Positive solutions are wanted in many problems, including some I learned in a classroom, and I've never seen any theorem about their existence, especially with sets of linear equations. Maybe there is no theorem?
In operational research, where an optimum is sought rather than an exact solution, the algorithm is to follow the slope along the constraint boundaries, especially the constraint of positive solutions. This lets me suppose that no better theory is known.
That you can't obtain any mixture composition from a given set of ingredients is clear. Conversely, attempting to obtain some mixture compositions will lead to mathematical solutions impossible to implement.
Maybe no general theorem, but for a given set of ingredients, you can determine a hypervolume of the possible mixture compositions. You know that its boundaries are hyperplanes due to the linear nature of mixture equations. With 6 starting salts, it looks unmanageable by hand, so write a software if it's worth it.
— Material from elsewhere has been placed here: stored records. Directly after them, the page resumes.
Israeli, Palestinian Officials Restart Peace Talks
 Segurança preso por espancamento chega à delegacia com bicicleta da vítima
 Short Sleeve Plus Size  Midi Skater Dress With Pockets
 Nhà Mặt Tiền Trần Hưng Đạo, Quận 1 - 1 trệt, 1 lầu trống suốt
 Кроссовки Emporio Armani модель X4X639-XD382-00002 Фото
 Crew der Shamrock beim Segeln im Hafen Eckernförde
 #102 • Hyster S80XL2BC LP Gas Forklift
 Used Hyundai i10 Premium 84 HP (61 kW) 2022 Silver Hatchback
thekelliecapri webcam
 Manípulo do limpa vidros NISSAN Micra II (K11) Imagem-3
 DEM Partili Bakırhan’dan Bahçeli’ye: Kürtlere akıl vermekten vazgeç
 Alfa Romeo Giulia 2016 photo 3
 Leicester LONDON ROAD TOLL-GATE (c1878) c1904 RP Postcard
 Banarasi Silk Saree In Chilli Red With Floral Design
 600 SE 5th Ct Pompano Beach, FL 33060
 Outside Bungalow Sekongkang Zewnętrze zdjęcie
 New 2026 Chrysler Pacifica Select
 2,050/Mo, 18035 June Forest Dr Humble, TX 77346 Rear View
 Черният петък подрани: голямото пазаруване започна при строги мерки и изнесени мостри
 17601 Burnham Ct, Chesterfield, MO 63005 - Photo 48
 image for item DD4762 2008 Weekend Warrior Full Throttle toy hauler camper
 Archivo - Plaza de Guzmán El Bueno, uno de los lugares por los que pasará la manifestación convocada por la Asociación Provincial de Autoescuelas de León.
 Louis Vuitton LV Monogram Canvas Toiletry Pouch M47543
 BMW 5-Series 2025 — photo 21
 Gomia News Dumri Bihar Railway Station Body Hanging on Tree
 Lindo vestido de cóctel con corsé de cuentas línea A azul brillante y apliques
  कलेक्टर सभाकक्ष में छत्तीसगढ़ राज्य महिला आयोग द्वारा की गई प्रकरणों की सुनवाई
You know that the hyperplanes pass by some points of simple composition, like 0% and 100% of each ingredient, and vary linearly in between. Something like a vector product gives a direction of the hyperplane, and a mixed product (scalar product with the vector product) tells on which side of one hyperplane the point of a desired composition is. The composition must be on the >=0% side of the corresponding hyperplanes and on the <=100% side of the others.
To increase your chances, you need ingredients whose compositions are as varied as possible.